WHAT IS BEING ASKED -> An exact copy of every record, without the pictures, is what should come back.

[Captioned web image data]
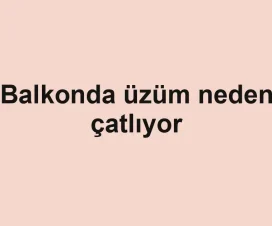Balkonda üzüm neden çatlıyor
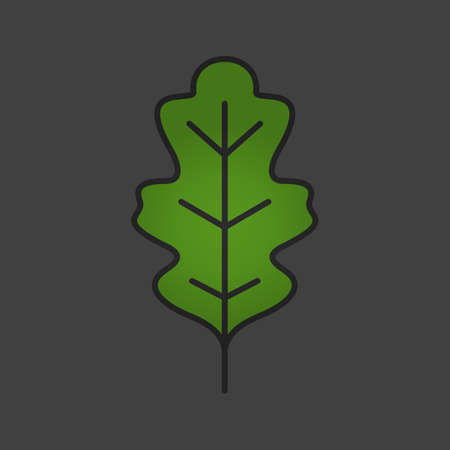 Oak leaf color icon. Isolated vector illustrationのイラスト素材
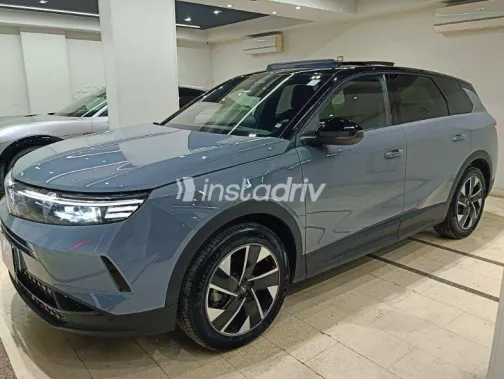 Opel Grandland 2026 Gray Used for Sale - 4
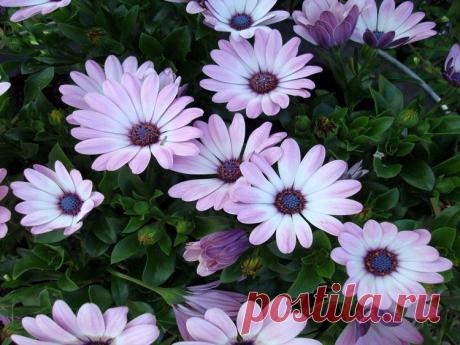 картинки цветов красивые - 464 тыс. картинок. Поиск@Mail.Ru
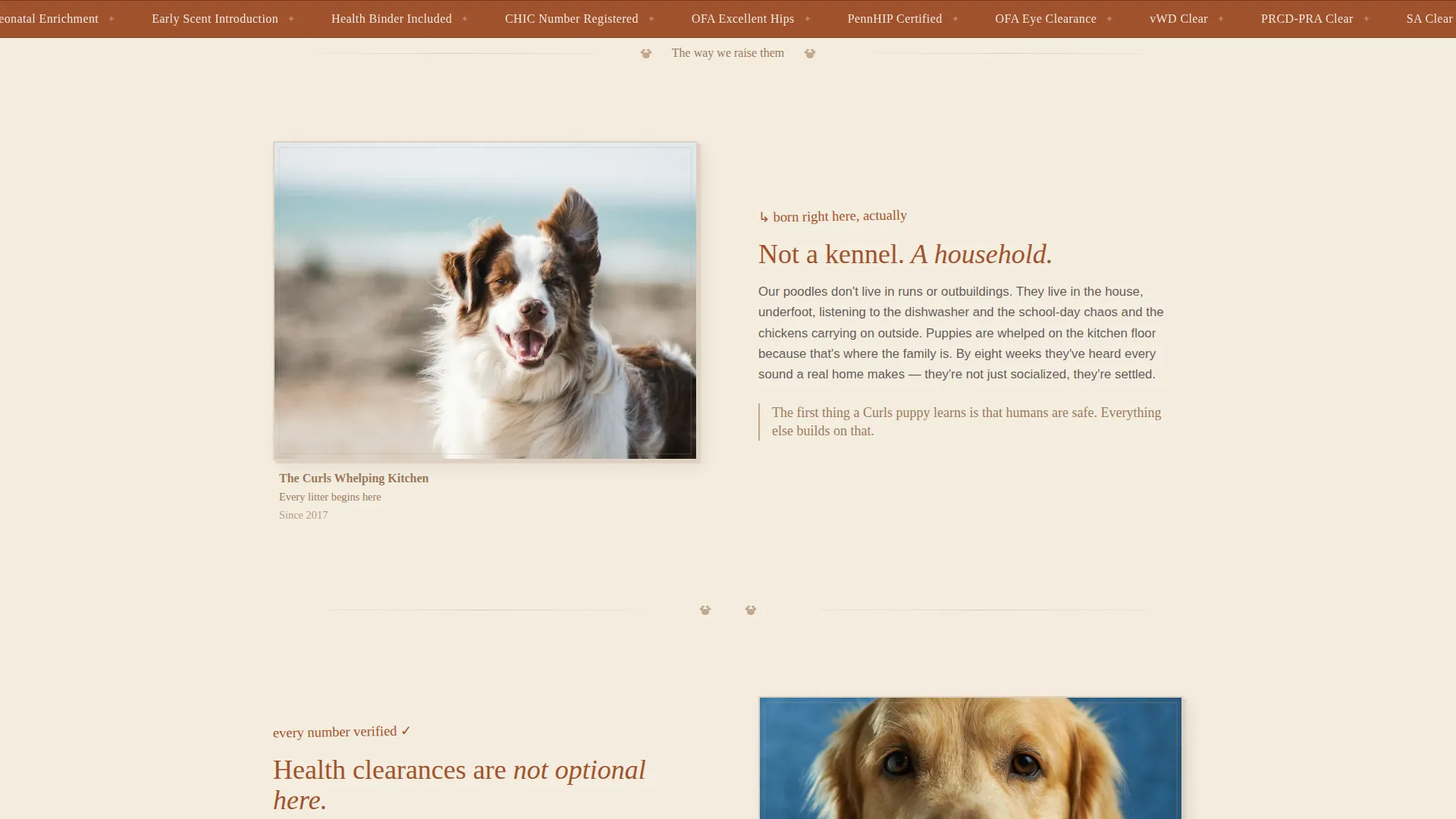 Dog Professional Website Template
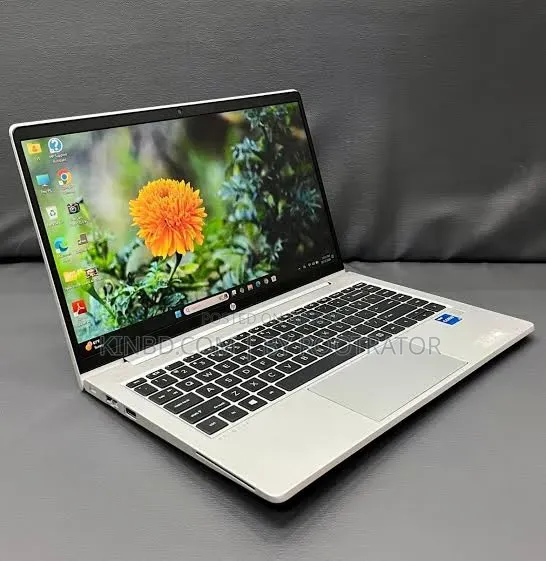 ল্যাপটপ HP ProBook 640 G8 ১৬জিবি ইন্টেল কোর আই৫ এসএসডি ৫১২জিবি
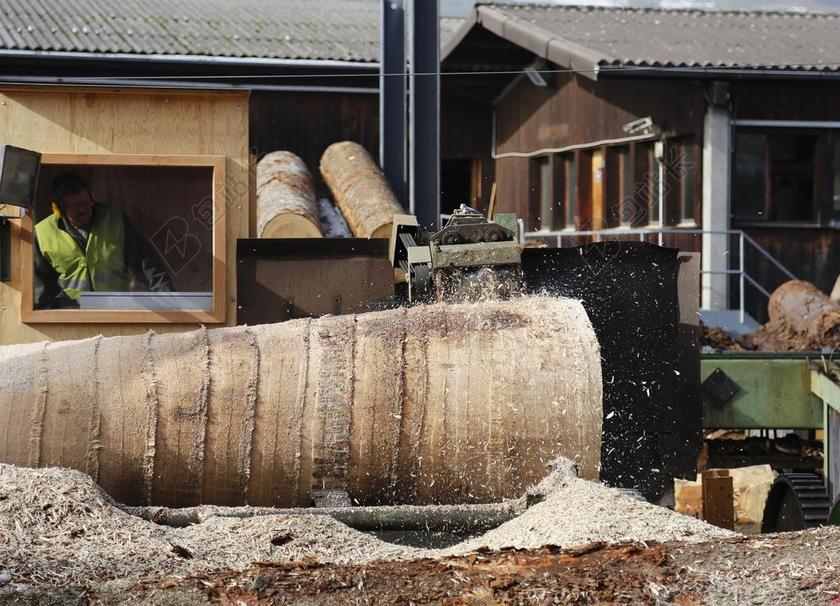 木 木工 锯木厂 树 吠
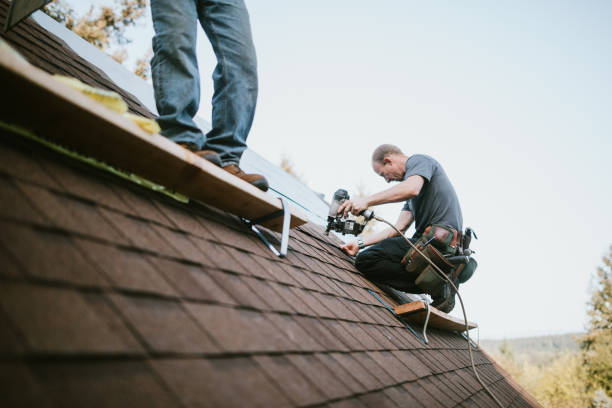 Roof Gutter Cleaning in Burnsville, NC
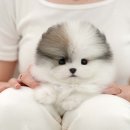 미유펫 강아지분양 고양이분양 김포점 | 김포강아지분양 드디어 찾아와 준 행복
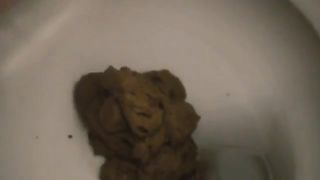 Shitting in toilet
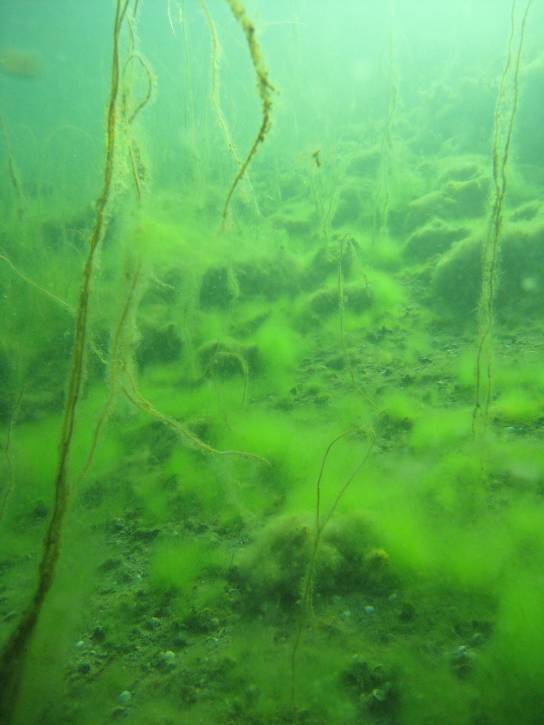 Hårsärv (Zannichellia palustris) förekom som djupast på 6 m, de övriga, hornsärv (Ceratophyllum demersum), axslinga (Myriophyllum spicatum) och borstnate (Potamogeton pectinatus), växte mellan 2 och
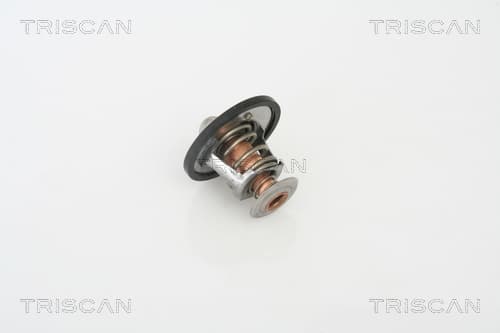 Termostat från TRISCAN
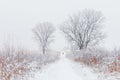 Lone hiker on snowy path through Illinois prairie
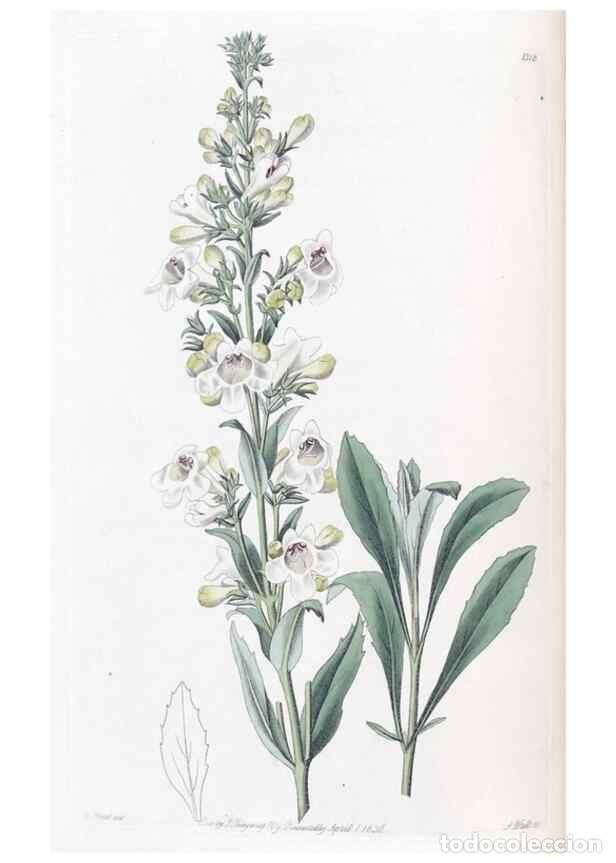 Colecionismo de Revistas e Jornais: Reproducci&oacute;n/Reproduction 49825650912: Edwards's botanical register.. London :James Ridgway,1829-184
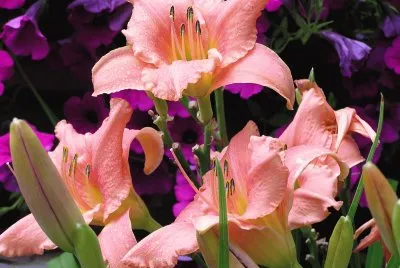 פאזל של Flowers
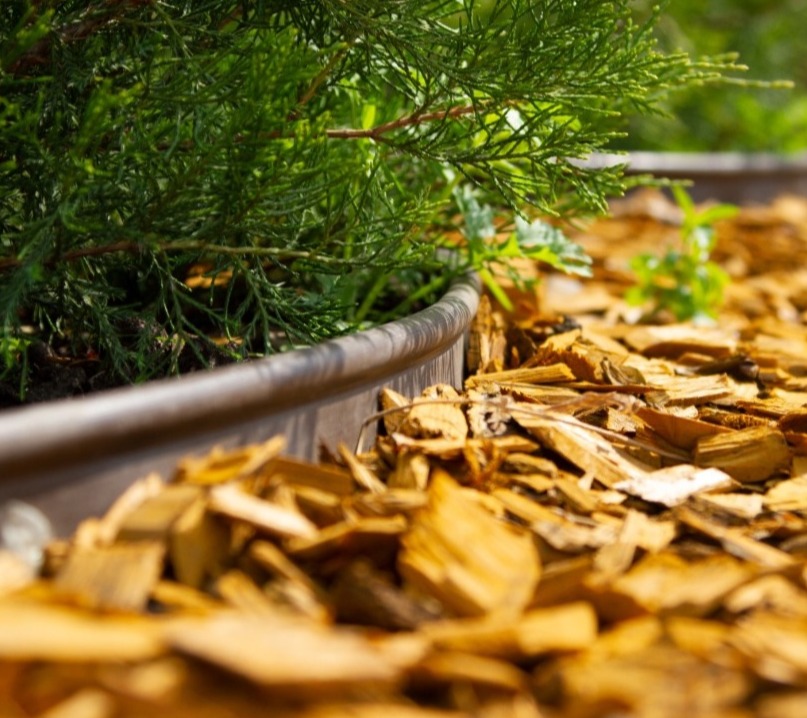 Timberline Landscaping Lawn Care Service in Rockford , MI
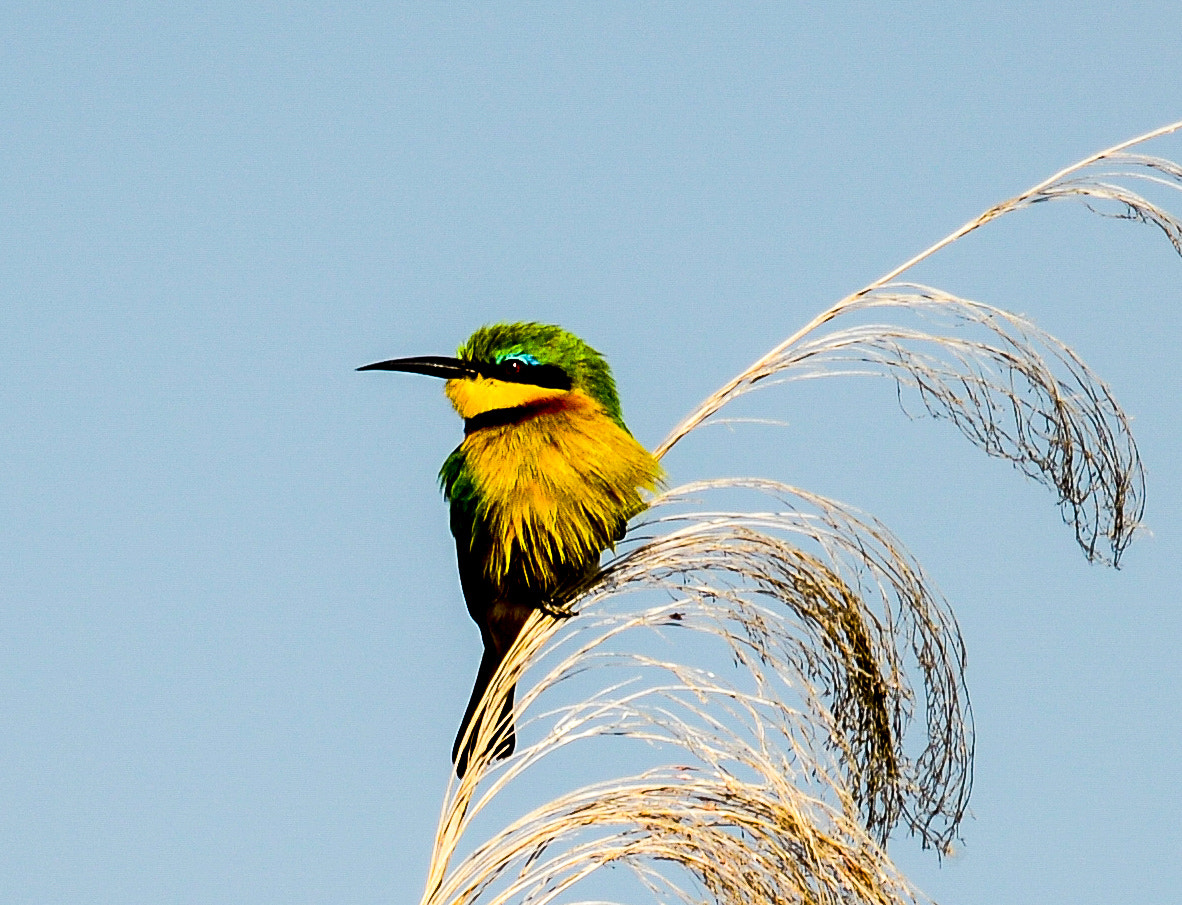 Nikon D800 sample photo. Chobe national park photography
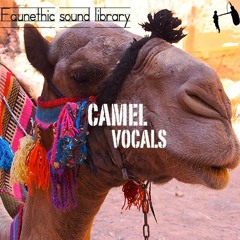 Camel Faunethic sound library update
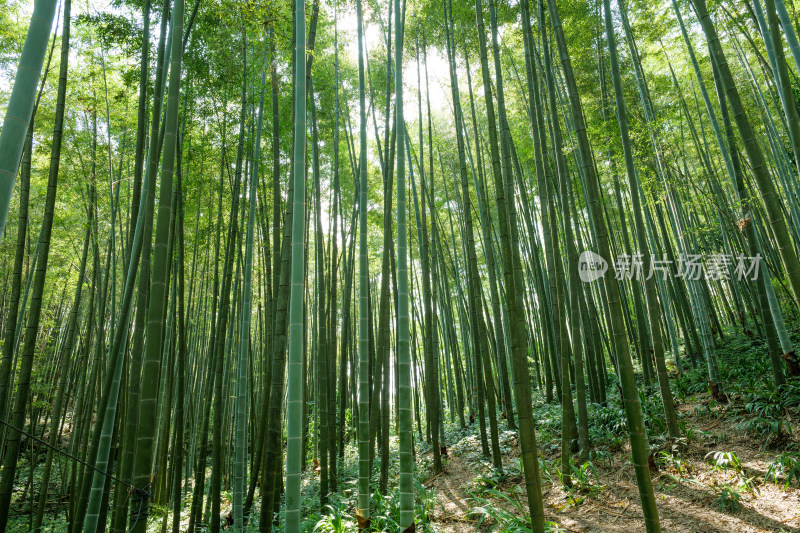 四川宜宾蜀南竹海自然风光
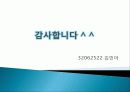 인더스 문명 모헨조다로와 하라파에 대하여 13페이지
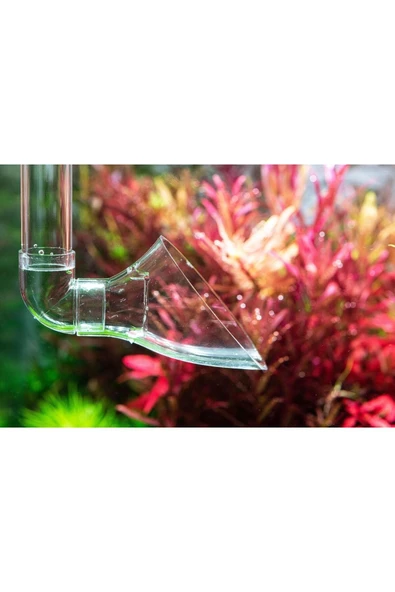 NEO AQUARIO Neo Outlet M - Resim 2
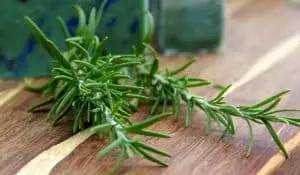 Hương thảo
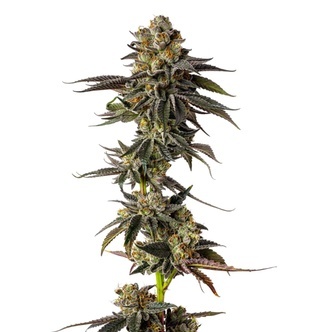 Toad Venum (Growers Choice) feminizovan&aacute;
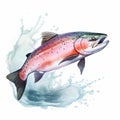 Colorful Watercolor Clipart Of A Jumping Salmon Fish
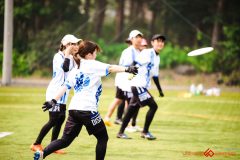 2025wakaba-841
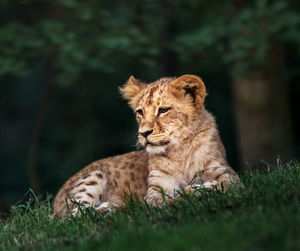 Portrait of a cat on grass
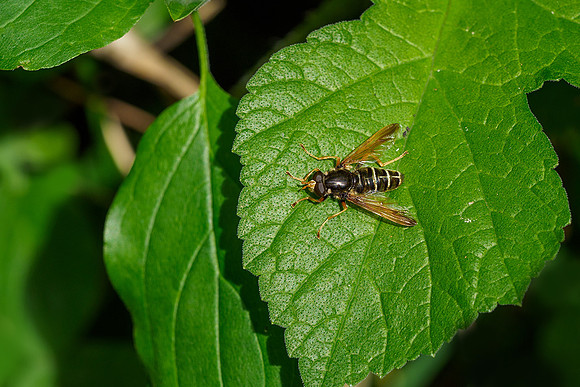 Viroinval, juni 2019, Bart Fotografie-140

SOLUTION TO THIS EXERCISE ->
Balkonda üzüm neden çatlıyor
 Oak leaf color icon. Isolated vector illustrationのイラスト素材
 Opel Grandland 2026 Gray Used for Sale - 4
 картинки цветов красивые - 464 тыс. картинок. Поиск@Mail.Ru
 Dog Professional Website Template
 ল্যাপটপ HP ProBook 640 G8 ১৬জিবি ইন্টেল কোর আই৫ এসএসডি ৫১২জিবি
 木 木工 锯木厂 树 吠
 Roof Gutter Cleaning in Burnsville, NC
 미유펫 강아지분양 고양이분양 김포점 | 김포강아지분양 드디어 찾아와 준 행복
 Shitting in toilet
 Hårsärv (Zannichellia palustris) förekom som djupast på 6 m, de övriga, hornsärv (Ceratophyllum demersum), axslinga (Myriophyllum spicatum) och borstnate (Potamogeton pectinatus), växte mellan 2 och
 Termostat från TRISCAN
 Lone hiker on snowy path through Illinois prairie
 Colecionismo de Revistas e Jornais: Reproducci&oacute;n/Reproduction 49825650912: Edwards's botanical register.. London :James Ridgway,1829-184
 פאזל של Flowers
 Timberline Landscaping Lawn Care Service in Rockford , MI
 Nikon D800 sample photo. Chobe national park photography
 Camel Faunethic sound library update
 四川宜宾蜀南竹海自然风光
 인더스 문명 모헨조다로와 하라파에 대하여 13페이지
 NEO AQUARIO Neo Outlet M - Resim 2
 Hương thảo
 Toad Venum (Growers Choice) feminizovan&aacute;
 Colorful Watercolor Clipart Of A Jumping Salmon Fish
 2025wakaba-841
 Portrait of a cat on grass
 Viroinval, juni 2019, Bart Fotografie-140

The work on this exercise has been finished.